I was going math teacher on you. It’s how we were admonished wrt finding answers.

Given the typo in the title, I was thinking comedy. :stuck_out_tongue:

One small problem:

Last I heard, it was considered impossible to accurately assess the IQ of an adult.

I remember being tested at ages 8 and 13.

Those test were looking for kids who could extrapolate from known info to answer questions.

I was sick at home when the first one was administered. For some reason, I remember one question/problem:

There were 4 drawings of a small boat and a pole - in three, the boat was in various un-tethered positions relative to the pole. In one, it was tied. The question: Which boat is moored?

Answering this question as an adult is meaningless - for an 8 yr old, it requires something to “click” just right.

Interesting. Can you point out some research in that direction?

I do remember learning many years ago that IQ was, at least historically, defined as Mental Age/Chronological Age, with the idea that hey, there are 9 and 10 year olds that have the brains of 14, 15, or even 16 year olds, so maybe we ought to let them jump ahead and take high school classes.
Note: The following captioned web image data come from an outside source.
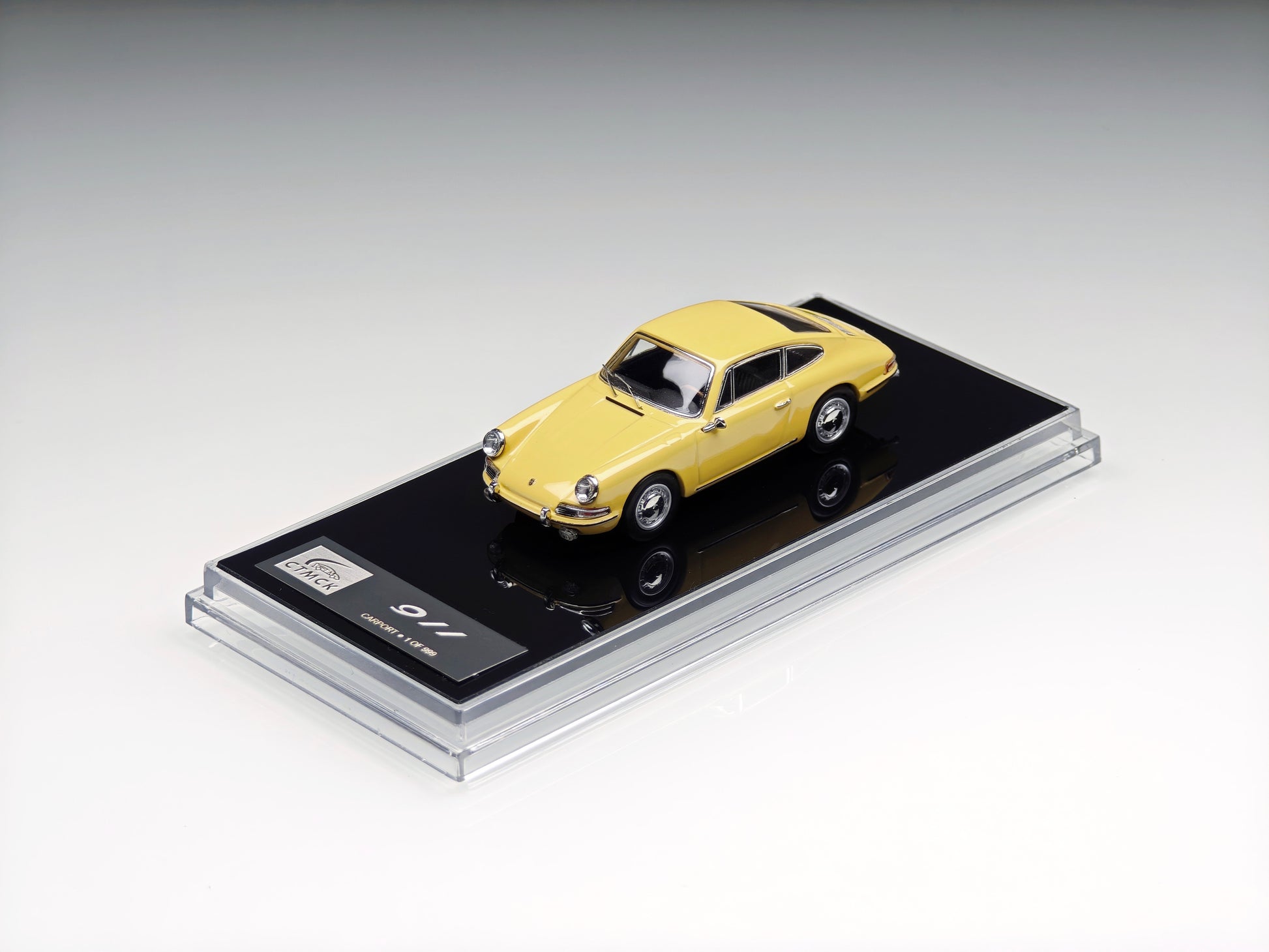 A yellow die-cast model car displayed on a black base inside a clear acrylic case, photographed on a clean light gray studio background.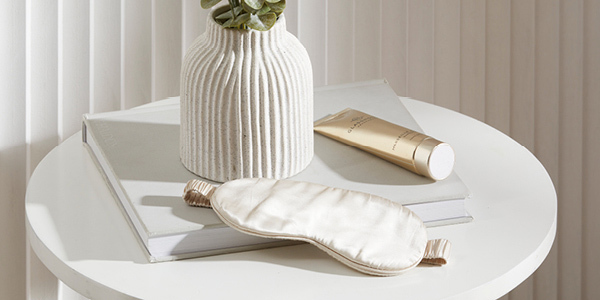 A silk eye mask, hand lotion and decorative artificial plant sit on a bedside table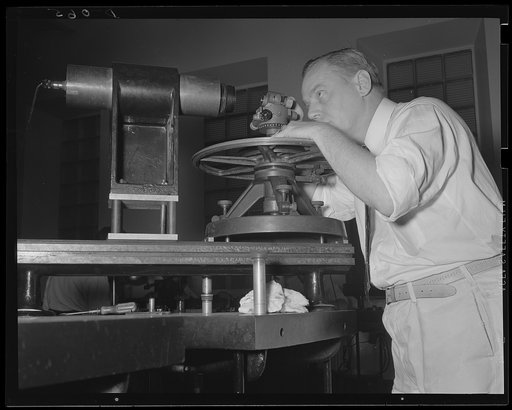 Getting ready to aim at what you hit. Careful adjustment of the aiming circle for sighting the target. These precision instruments, as well as ammunition, are made at a large arsenal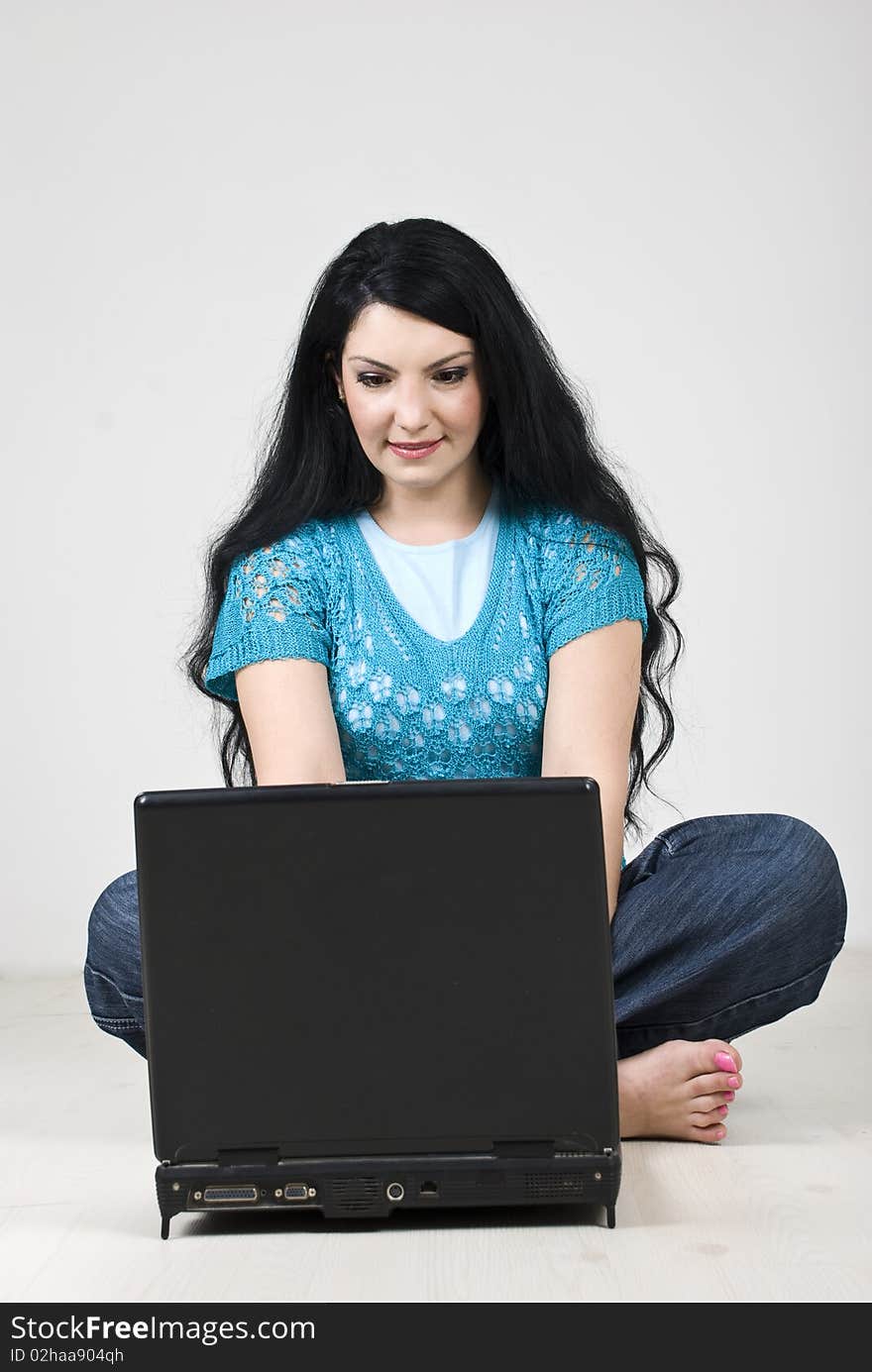 Young woman sitting with legs crossed on floor and working on laptop,see more in People on couch or wooden floor. Young woman sitting with legs crossed on floor and working on laptop,see more in People on couch or wooden floor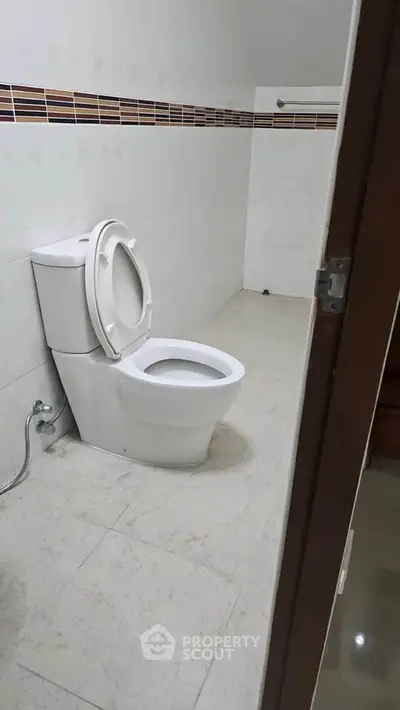 Spacious bathroom with modern toilet and tiled flooring, ideal for comfort and convenience.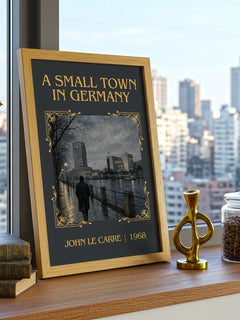 A Small Town in Germany Classic Book Art Print by John le Carré – framed print on a city-view windowsill
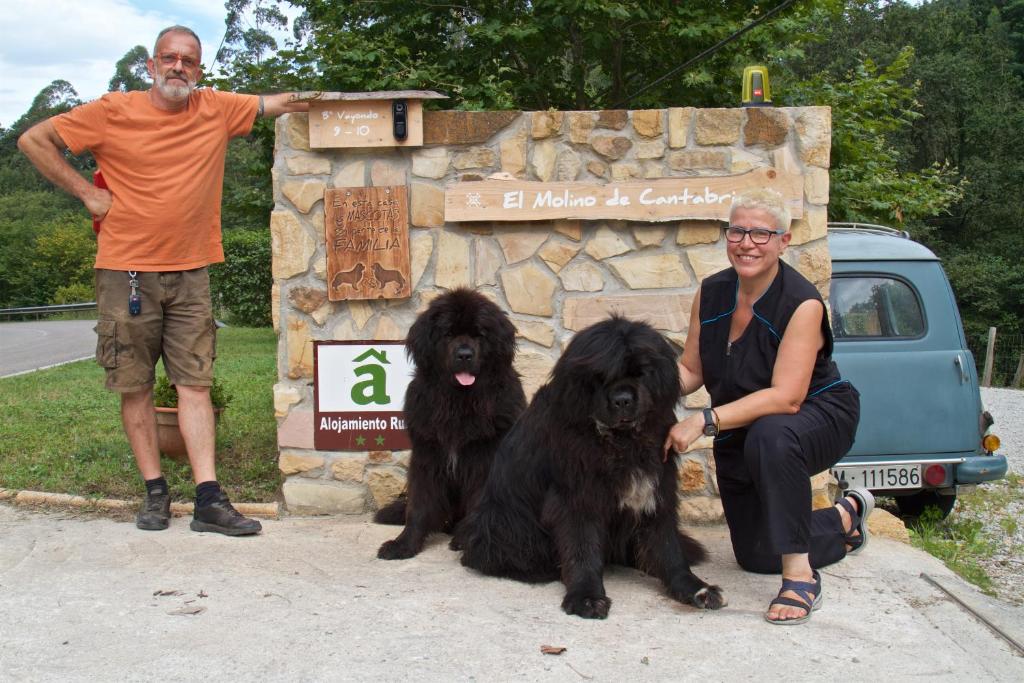 Um homem e uma mulher sentados ao lado de dois cães negros. em Posada Pet Friendly El Molino de Cantabria em Entrambasaguas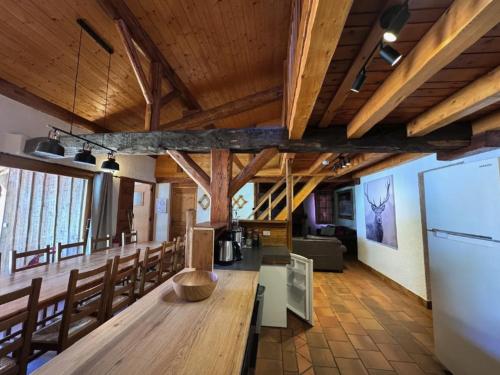 Cette grande chambre dispose d'une table et de chaises en bois. dans l'établissement Apartment Arolles, à Les Coches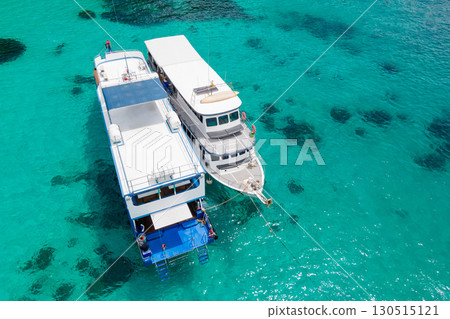 Aerial view of two recreational vessels over turquoise clear water at Racha Island, Phuket, Thailand 130515121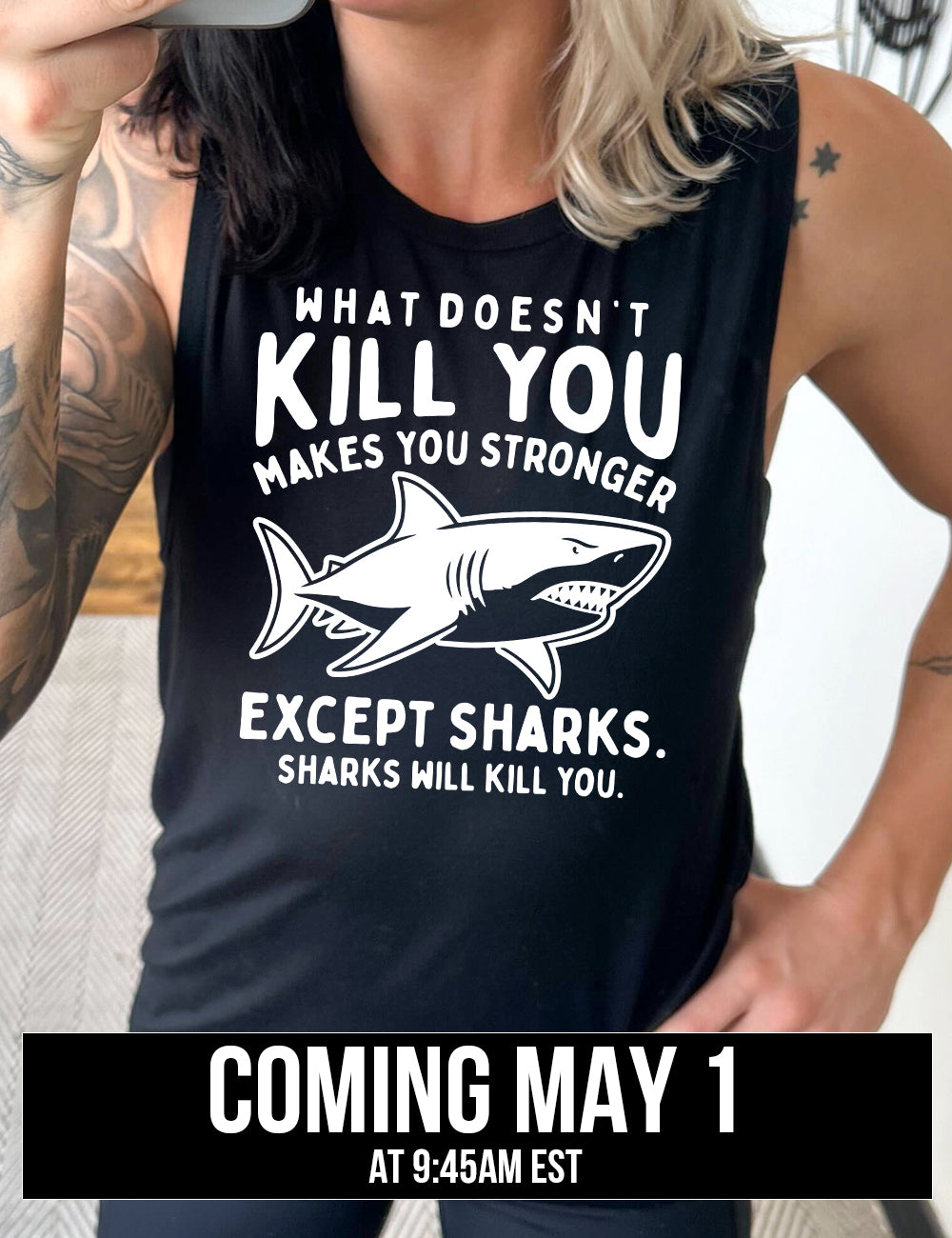 black muscle tank with the words "what doesn't kill you makes you stronger except sharks. sharks will kill you." and the graphic of a fierce shark in the middle, coming soon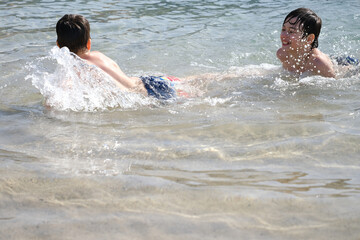 two cheerful teenagers, boys swimming in sea, ocean waves, Summer fun beach, family Water...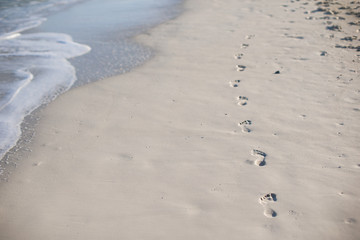 Human footprints on white sand of the Caribbean island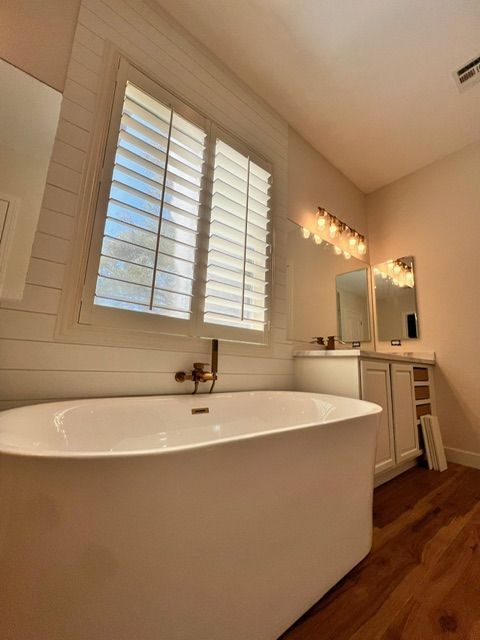 Bright modern bathroom with freestanding tub, window shutters, vanity, and warm wall sconces.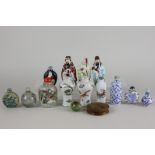 A collection of Chinese scent bottles, together with three Chinese figures and other ornaments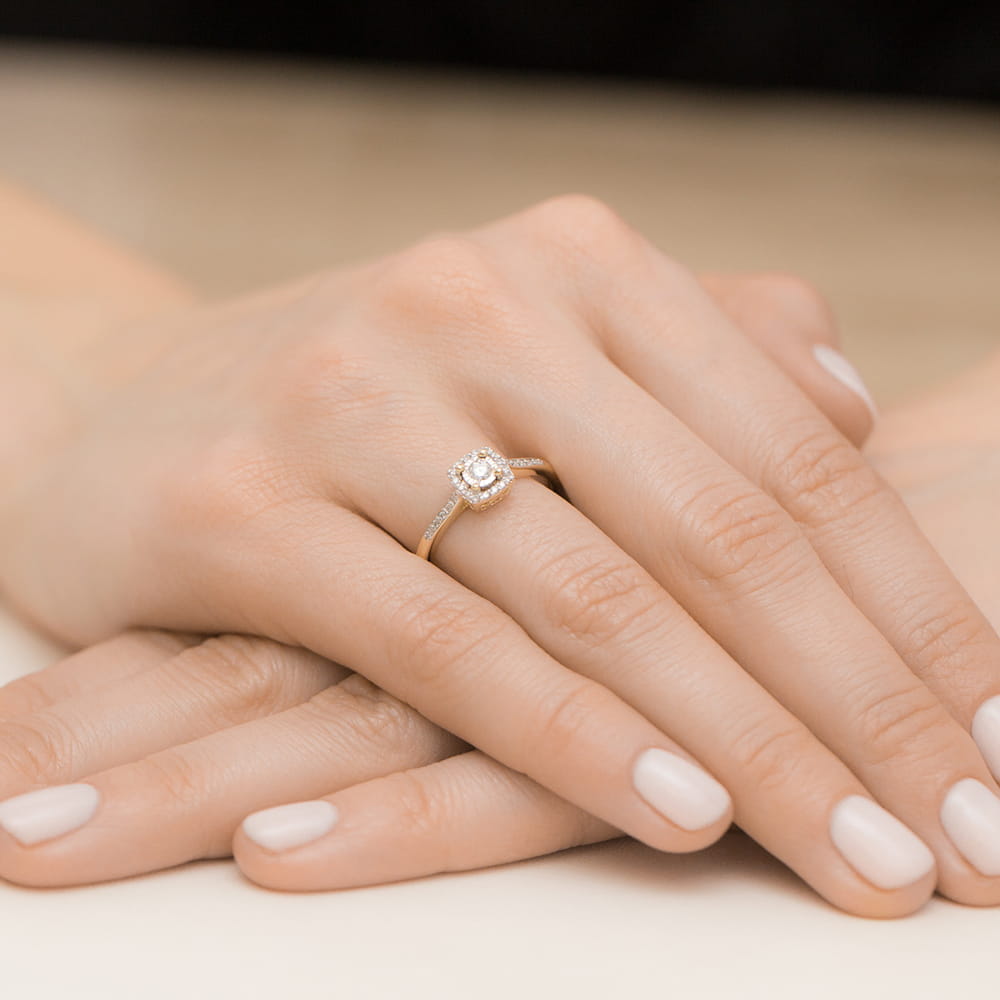 W0462.Z3.LDW.01_4 Złoty pierścionek z diamentem na palcu z zadbanymi, jasnymi paznokciami.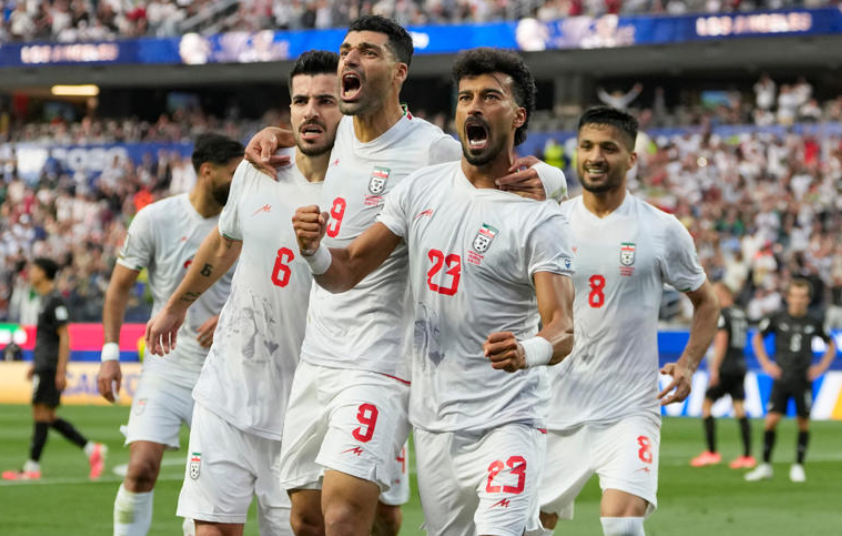 Iran coach says team ordered out of US right after 2-2 draw with New Zealand in WC opener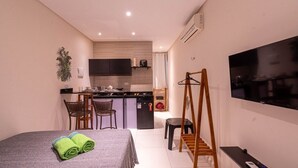 A compact hotel room with a bed, a TV, a small kitchenette, and a seating area. - Estudio Mar'Bella 2 min Praia Caminho de Moisés com Garagem e ArCond (Maragogi)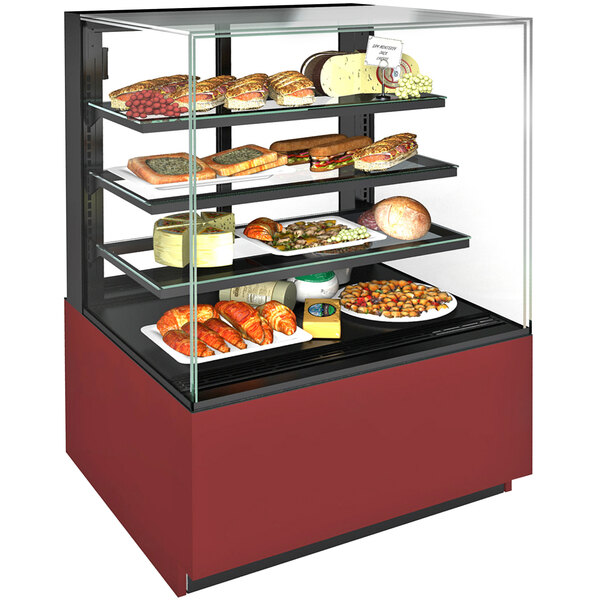 A Structural Concepts Reveal refrigerated bakery display case with food on it.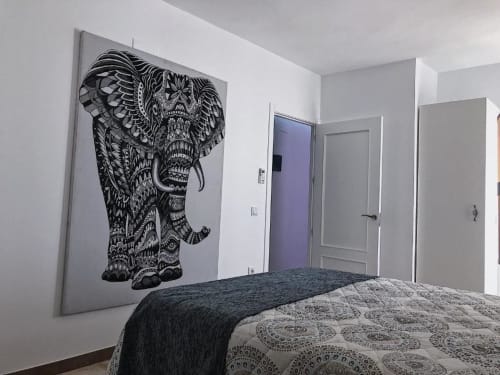 Modern bedroom with ornate elephant wall art at Complejo Turístico Retiro del Teatro, Almagro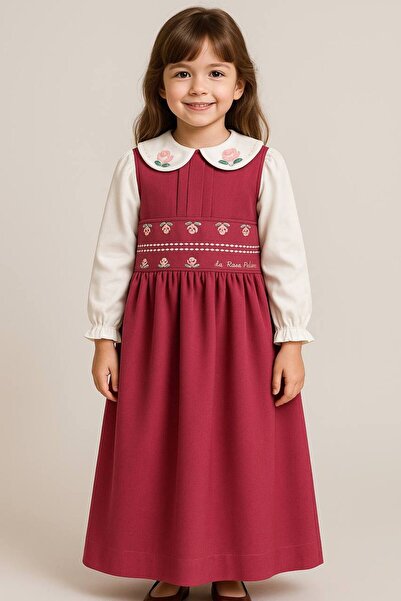 La reina petite Larina Petite pink primary school pinafore with attached embroidery at the waist and collar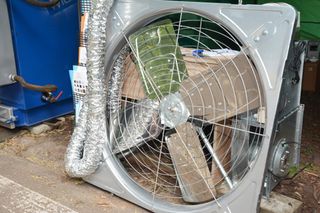 A close-up of an attic ventilator, roof ventilator fan in a steel construction for house ventilation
At those ages, there really is a sharp upward progression and there are major things that I thought about the world at, say, seven that I had grown out of by age twelve. Now, can I say the same thing about the progression from age 25 to 30? Sure, I learned some things, but I don’t recall encountering any profound, life-changing increases in knowledge or ability. And, of course, if you start saying that hey, this guy has an above-average IQ because he thinks like a 42 year old even though he is only 38, then what does that actually mean in practical terms? No human development theory that I’ve heard of includes any profound learnings at that age range (as opposed to, say, what one typically learns between age 4 and 8, say).

I don’t do scholarship - all I can do is google “psychometrics”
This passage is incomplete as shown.